British service personnel continue to represent the country on the world stage through various United Nations (UN) deployments, as they have done so for decades, with the International Day due to be marked on 29 May 22.

The distinctive sight of the blue headdress of UN Peacekeepers, drawn from nations across the planet, has become common to many due to the extensive media coverage of the operations they have embarked on.

But this was not always the case - between 1948-1988, the UN deployed peacekeepers on just 13 occasions; however, in the following five years, they were called upon a further 20 times.

The collapse of the Soviet Union dramatically altered the political and security landscape of Europe and beyond, which caused an array of conflicts to break out almost immediately.

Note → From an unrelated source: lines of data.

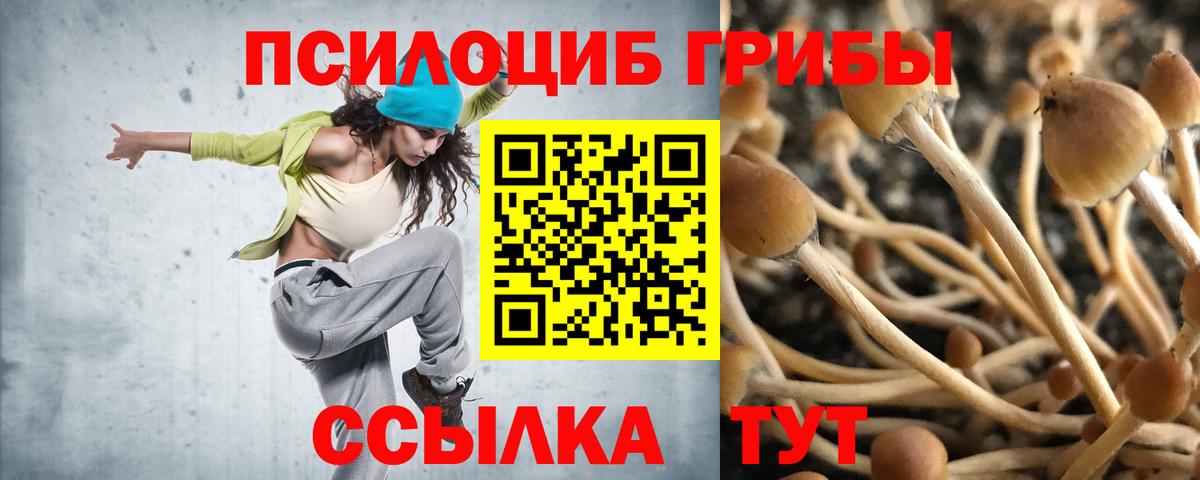 Псилоцибиновые грибы MAGIC MUSHROOMS Бутурлиновка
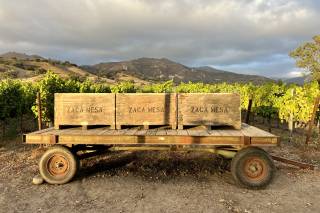 Zaca Mesa Winery - 12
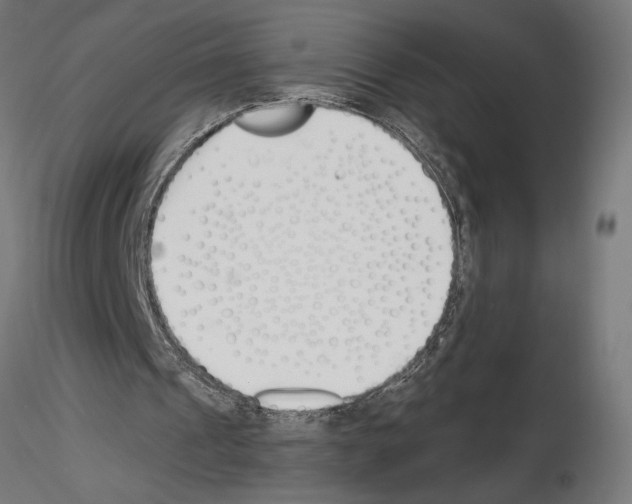 X0000115240241200912111100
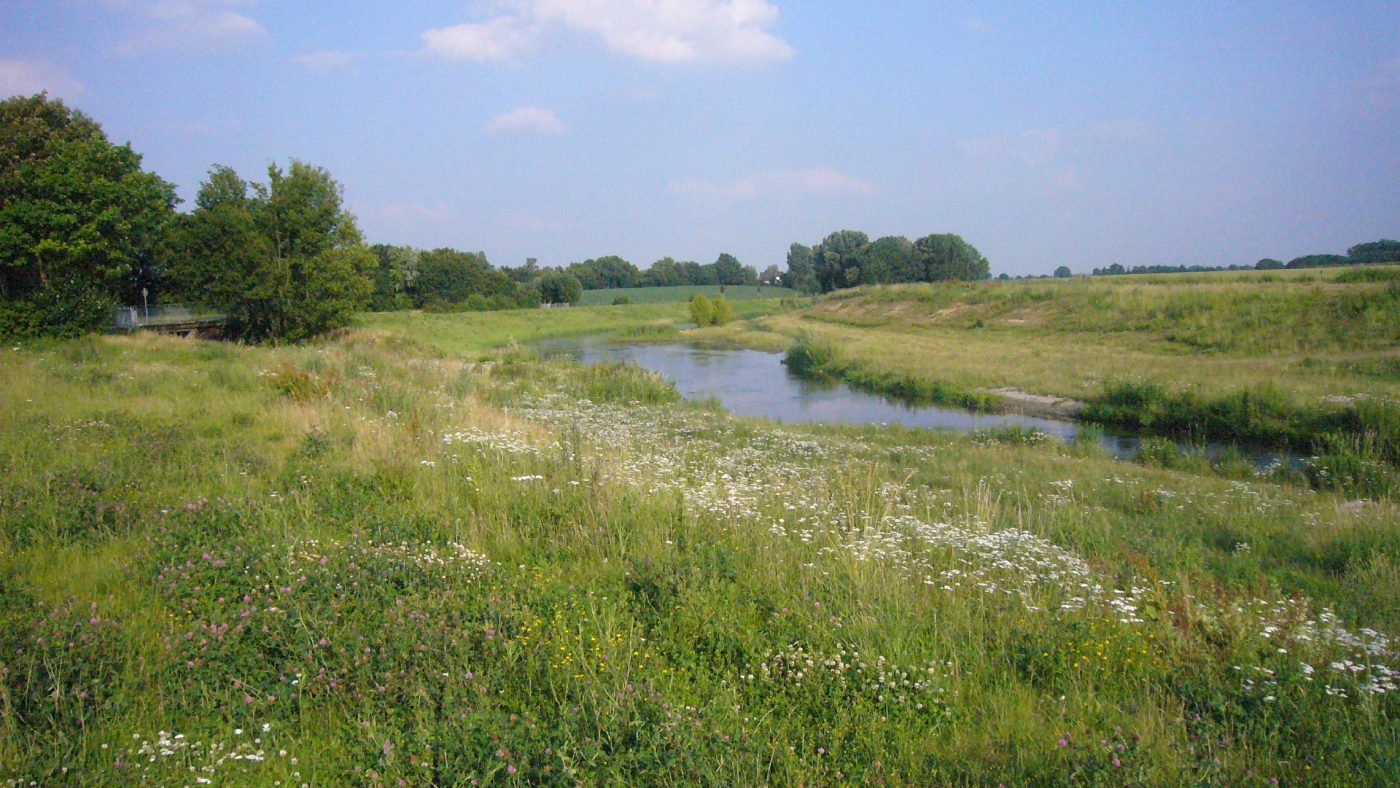 Die Seseke. Foto: Dietrich Worbs/EGLV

A sudden lack of a significant peer adversary for the Western powers, coupled with the potential for humanitarian issues to spill across borders, made the use of UN peacekeepers a much more palatable prospect.

The UK took a leading role in this wave of humanitarianism, having both a highly capable, trusted military and a seat on the prestigious Security Council.

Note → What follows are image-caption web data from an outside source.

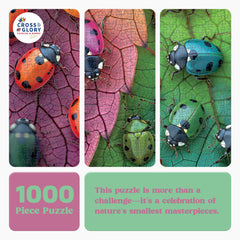 Cross & Glory close-up of ladybugs on leaves highlighting vibrant colors.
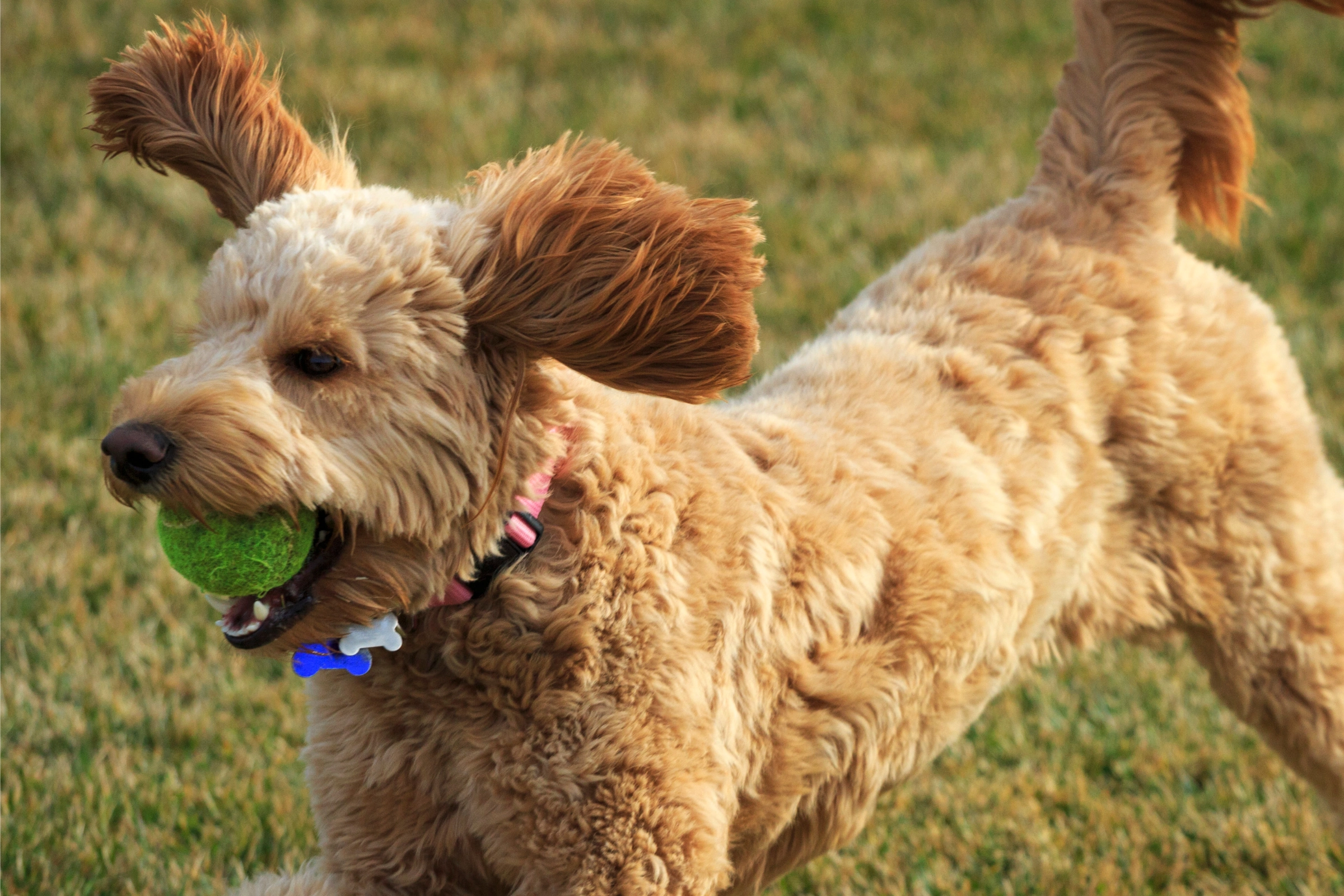goldendoodle puppy playing with ball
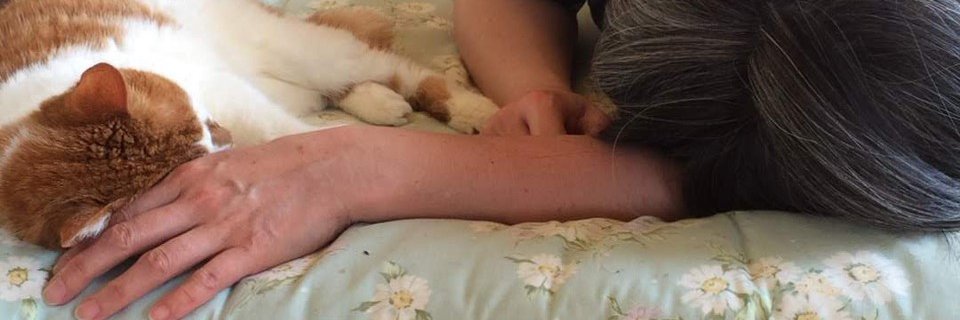 elle_zo's profile banner image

In probably the most recognisable of these new missions, thousands of British peacekeepers deployed to Bosnia-Herzegovina in 1992, under Operation Grapple, to ensure the country was stable enough for peace talks to take place between warring parties.

A small detachment of soldiers remained, with authority long since transferred to the European Union, in the Western Balkans state until as recently as 2020.

The UK's most significant contributions to UN peacekeeping today are comprised of Operation Tosca, where 250 troops help patrol the Buffer Zone in Cyprus, and Operation Newcombe, which sees a similar number of personnel collect intelligence on long-range patrols in Mali. 

At the time of writing, 21 Engineer Regiment and elements of the Royal Monmouthshire Royal Engineers (Militia) are deployed in Cyprus while the Royal Irish Regiment and Queen's Dragoon Guards make up the British presence in Mali.

Lieutenant Colonel Bishop, Commanding Officer (CO) of 21 Engineer Regiment, said: "Peacekeeping poses some unique challenges that I have not experienced elsewhere in my career.

"The soldiers understand the importance of this mission and are eager to put the British Army's world-leading training to good effect. My Royal Monmouthshire Reservists are now indistinguishable from my regulars; indeed, they bring skills and outlooks that can make contributions to our peacekeeping mission."

Other recent examples of support to UN missions include deployments to Somalia and South Sudan.